Im Glauben, Los Angeles für längere Zeit goodbye gesagt zu haben, flogen wir nach Chicago - "the windy city", wo wir wegen unseres verloren gegangenen Gepäcks vier nervenaufreibende Tage verbrachten. Um ein Gepäckstück und einige wichtige Utensilien ärmer, packten wir unseren doch noch rechtzeitig eingetroffenen Töff und Anhänger und fuhren los Richtung Toronto, wo wir in Barrie für zehn Wochen die Schulbank drückten und fleissig Englisch büffelten.
Und dann, am 27. Juni 1999 war es endlich soweit: Unsere effektive Reise konnte endlich losgehen! Durch den Algonquin N.P. fuhren wir Richtung Nordosten, durchquerten Ottawa, Montreal und Quebec und folgten dann dem Nordufer des St. Lawrence-Stroms bis nach Les Escoumins.
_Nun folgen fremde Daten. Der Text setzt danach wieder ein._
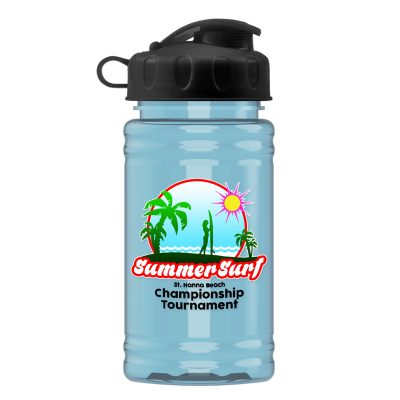UpCycle Mini - 16 oz. rPET Sport Bottle with Flip Top Lid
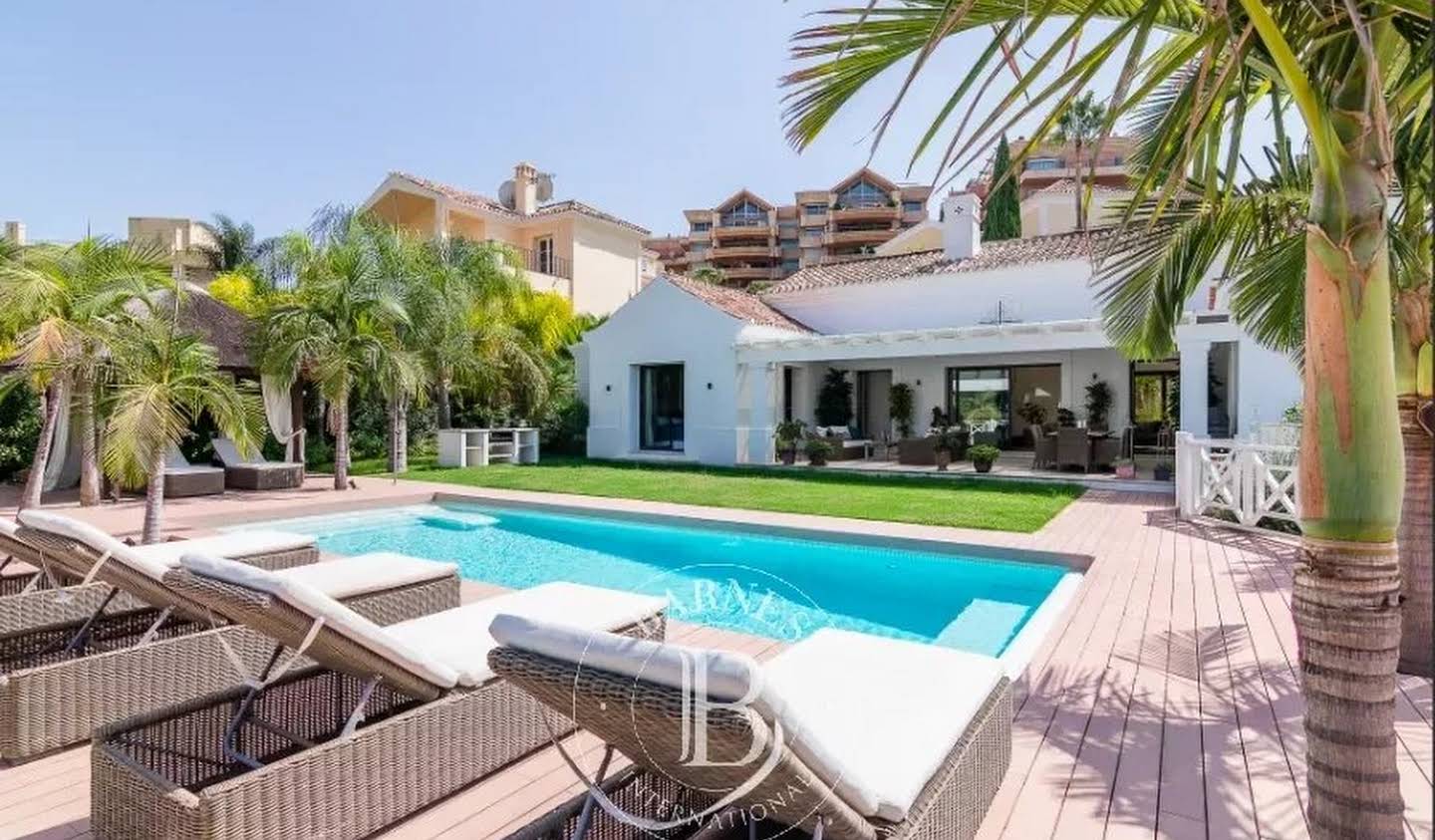 Villa avec piscine et terrasse Marbella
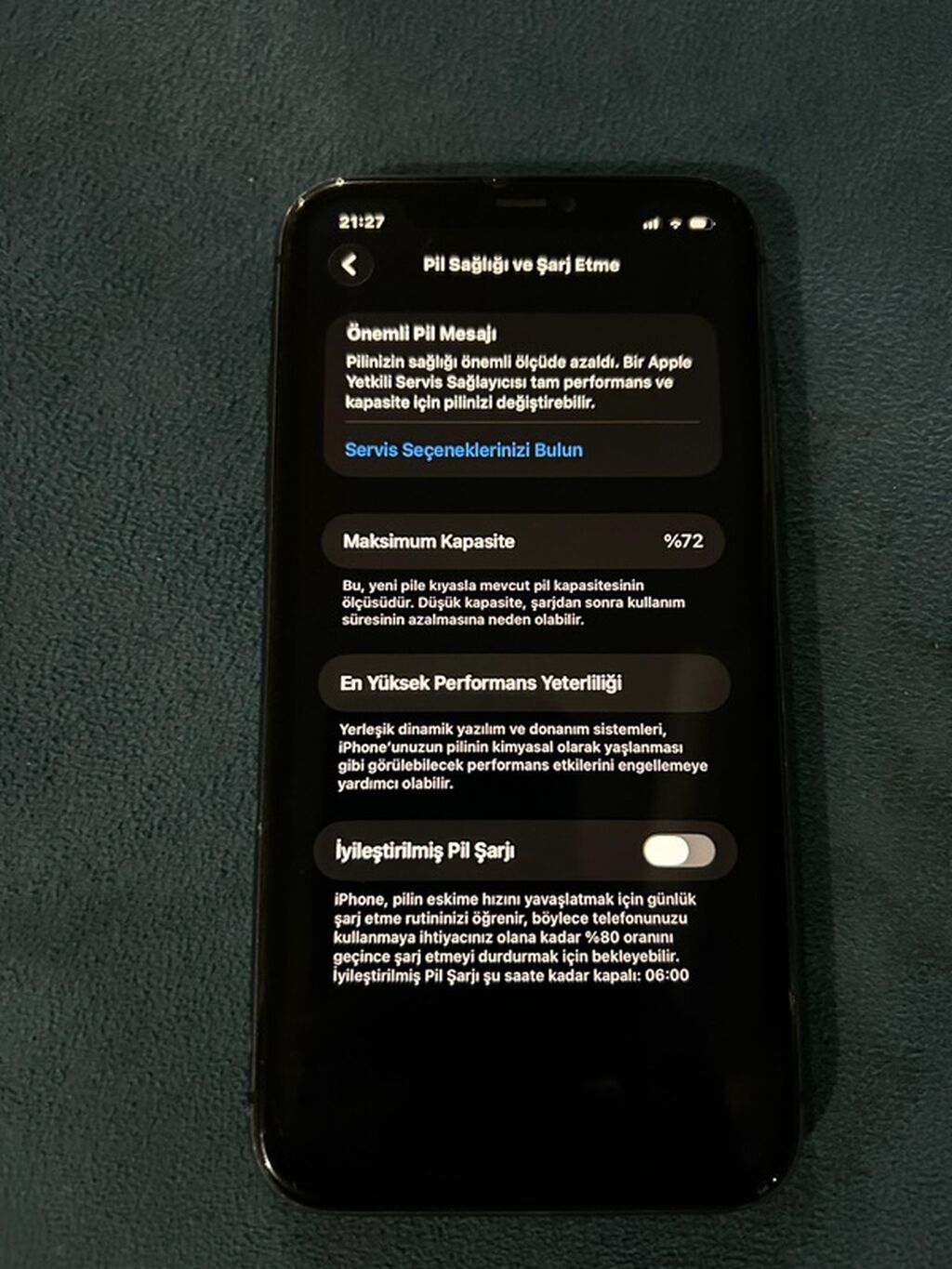 IPhone 11, 64 GB, Black Titanium — Apple iPhone, Gədəbəy (3)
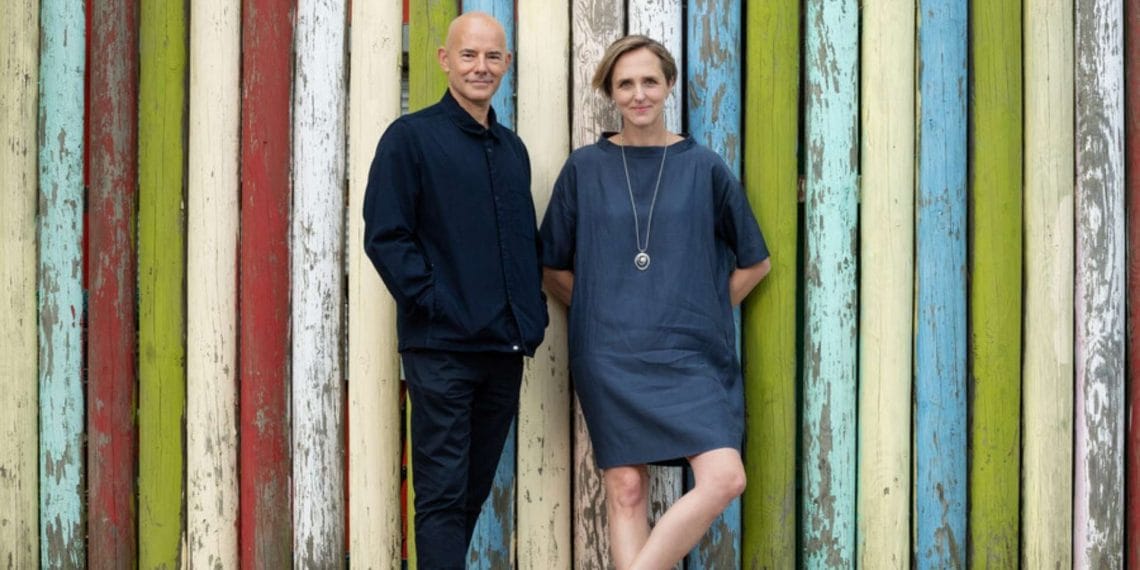 RSC appoints Co Artistic Directors Daniel Evans and Tamara Harvey Photo by Seamus Ryan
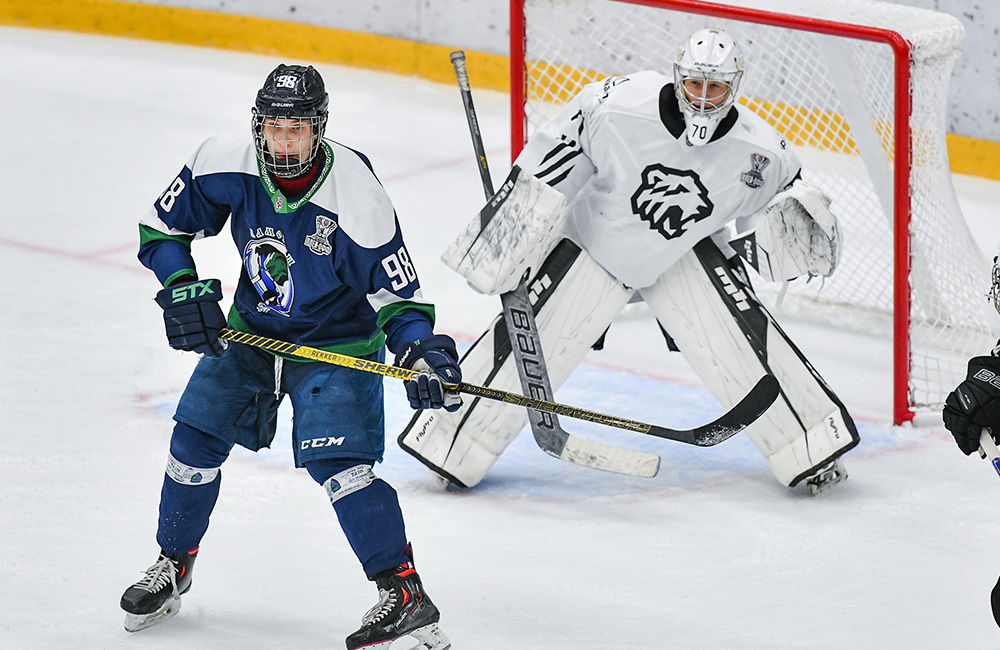 «Белые Медведи» уступили «Мамонтам Югры»  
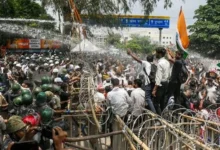 student protest FIR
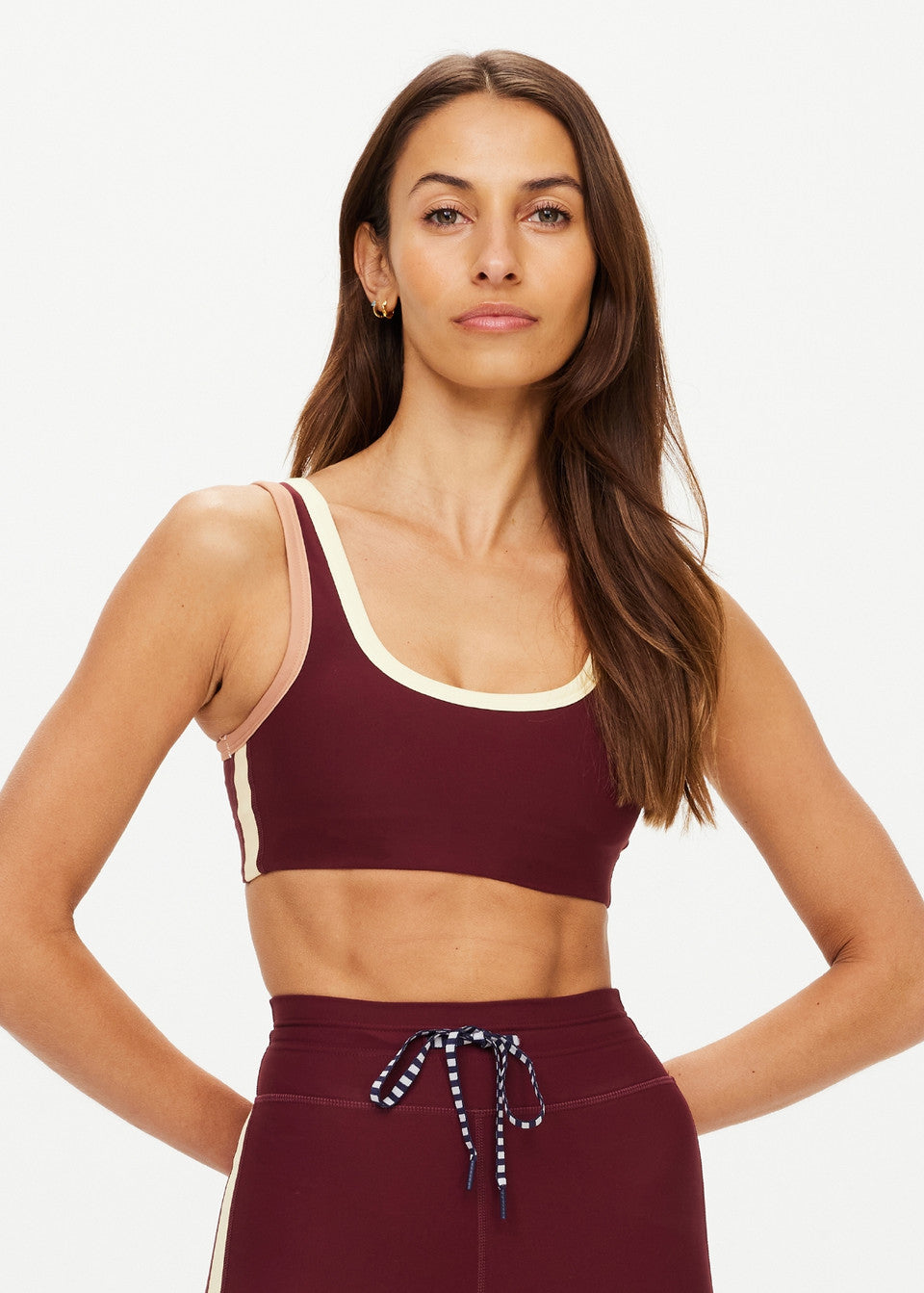 Trail Harley Scoop Bra - Red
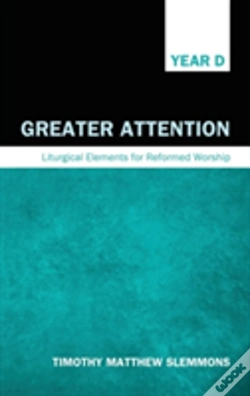 Capa do artigo Greater Attention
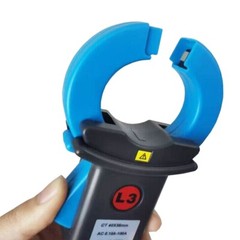 Round Jaw Current Clamp Sensor for Three Phase Power Quality Analyzer ETCR5000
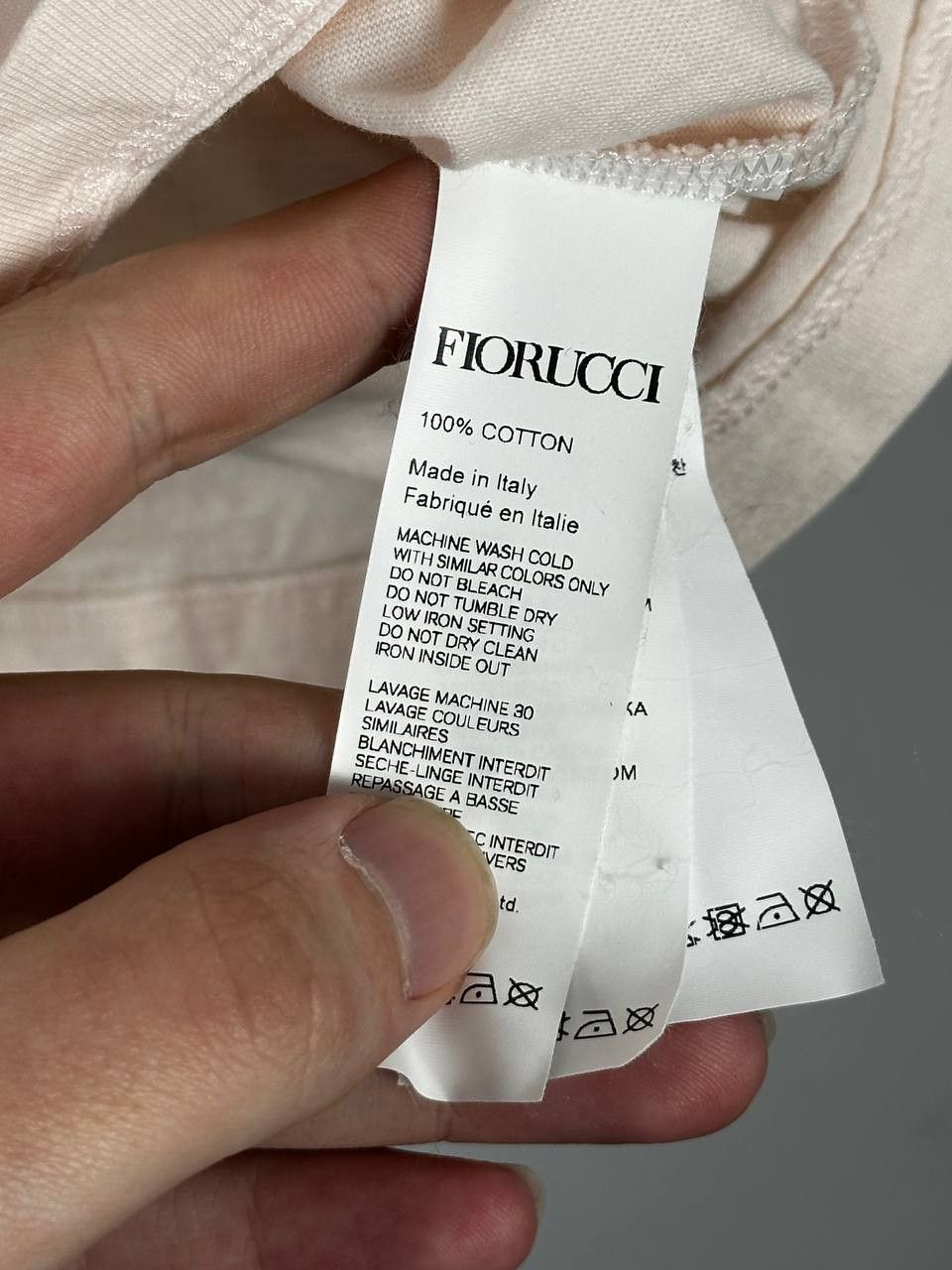 Fiorucci Fiorucci Angels Logo T Shirt Luxury Streetwear Size L / US 10 / IT 46 - 6 Thumbnail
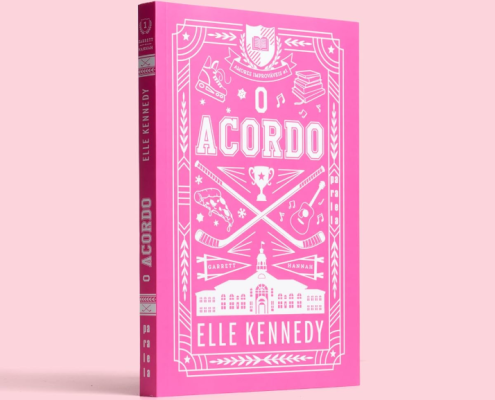 Capa do livro O acordo, de Elle Kennedy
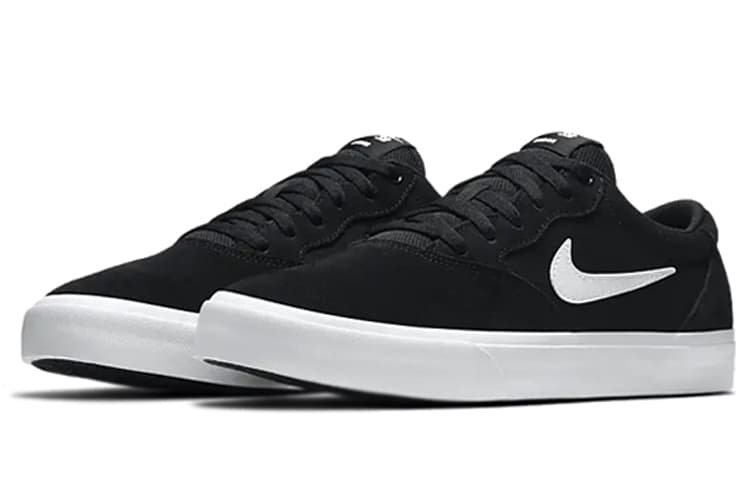 Кроссовки Nike SB Chron SLR Black White - изображение 3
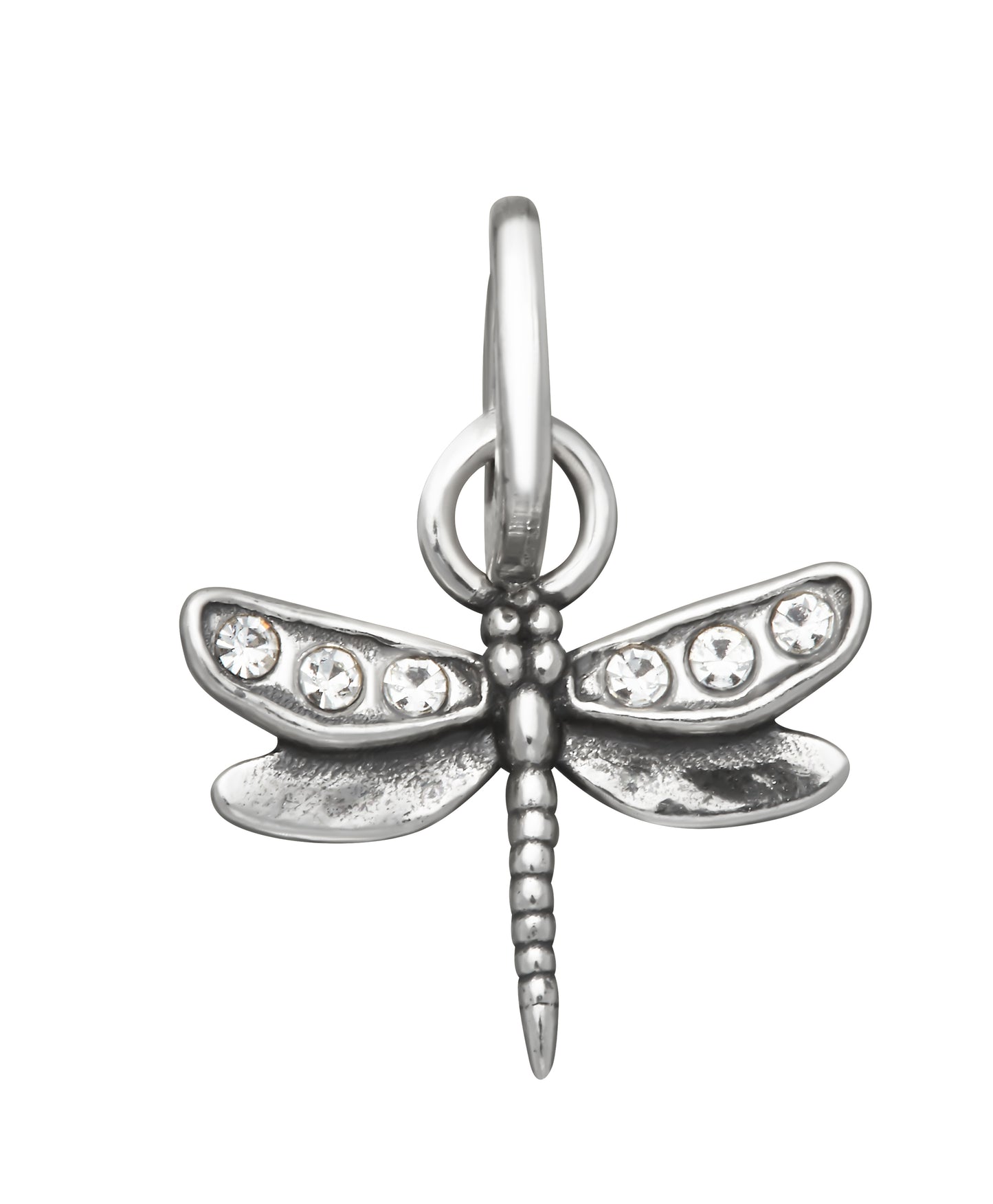 MINI CHARM LIBELLULA CRYSTAL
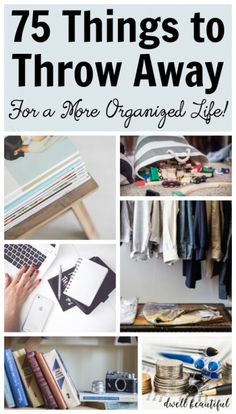 Life Refresh, More Organized Life, Organize Life, Casa Clean, Declutter Your Life, Organizing Hacks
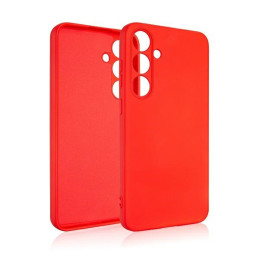 Etui Beline Silicone do Galaxy S24+ czerwone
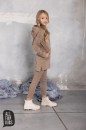 Bluza dziewczęca GIRLS SECRET ALL FOR KIDS beż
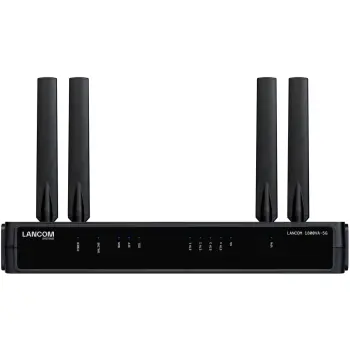 Router SD-WAN LANCOM 1800VA-5G, 5 porte LAN, 5G, VPN, i zi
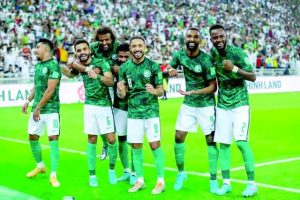 تیم ملی فوتبال عربستان سه دیدار دوستانه تا رقابت های جام جهانی 20222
Nicht ganz problemlos war das Verladen unseres Töffs und Anhänger auf die Fähre, welche uns hinüber nach Trois-Pistoles auf die Gaspé Halbinsel brachte.
Alles der Küste entlang entdeckten wir die Halbinsel in der Provinz Quebec und somit das etwas andere - französisch sprechende - Kanada. Nach einem Abstecher in den eindrücklichen, durch seine riesigen Gezeitenunterschiede bekannten Fundy N.P., welcher in der Provinz New Brunswick liegt, ging es über die neu eröffnete Confederation Bridge weiter nach Prince Edward Island. Einige Tage schauten wir uns auf der kleinen "Potato-Island" um, bevor wir mit der Fähre nach Nova Scotia übersetzten.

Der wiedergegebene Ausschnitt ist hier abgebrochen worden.